## WHAT IS NEEDED
Reproduce the listing that follows word for word, without its pictures.

## STORED DATA
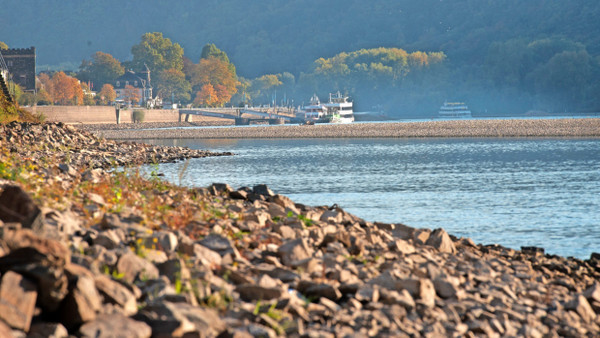 Zu flach: Die Fahrrinne des Rheins wird tiefer gelegt.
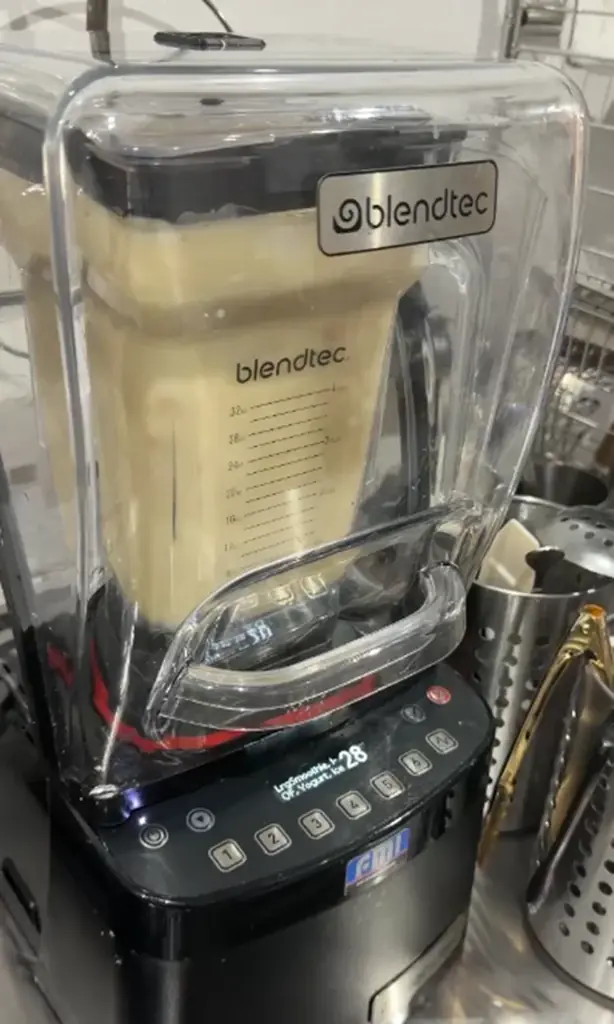 マレーシア発プレミアムティー「BEUTEA」、1杯ごとに生姜の塊を“布で手搾り”する『ジンジャーアップルティー』日本限定発売 画像 3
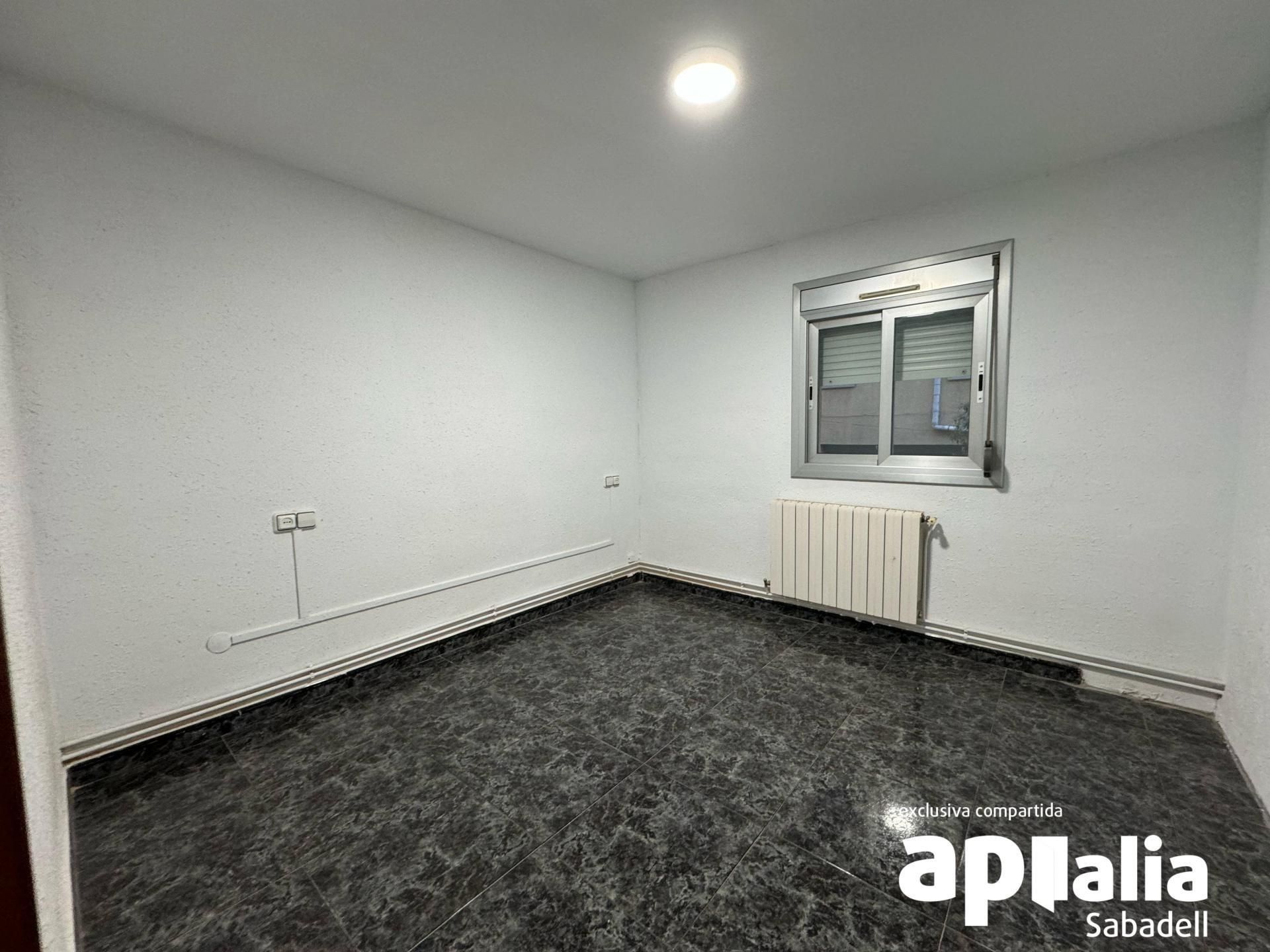 Flat for sale in Sabadell  with Heating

## OUTPUT FOR THIS TASK
 Zu flach: Die Fahrrinne des Rheins wird tiefer gelegt.
 マレーシア発プレミアムティー「BEUTEA」、1杯ごとに生姜の塊を“布で手搾り”する『ジンジャーアップルティー』日本限定発売 画像 3
 Flat for sale in Sabadell  with Heating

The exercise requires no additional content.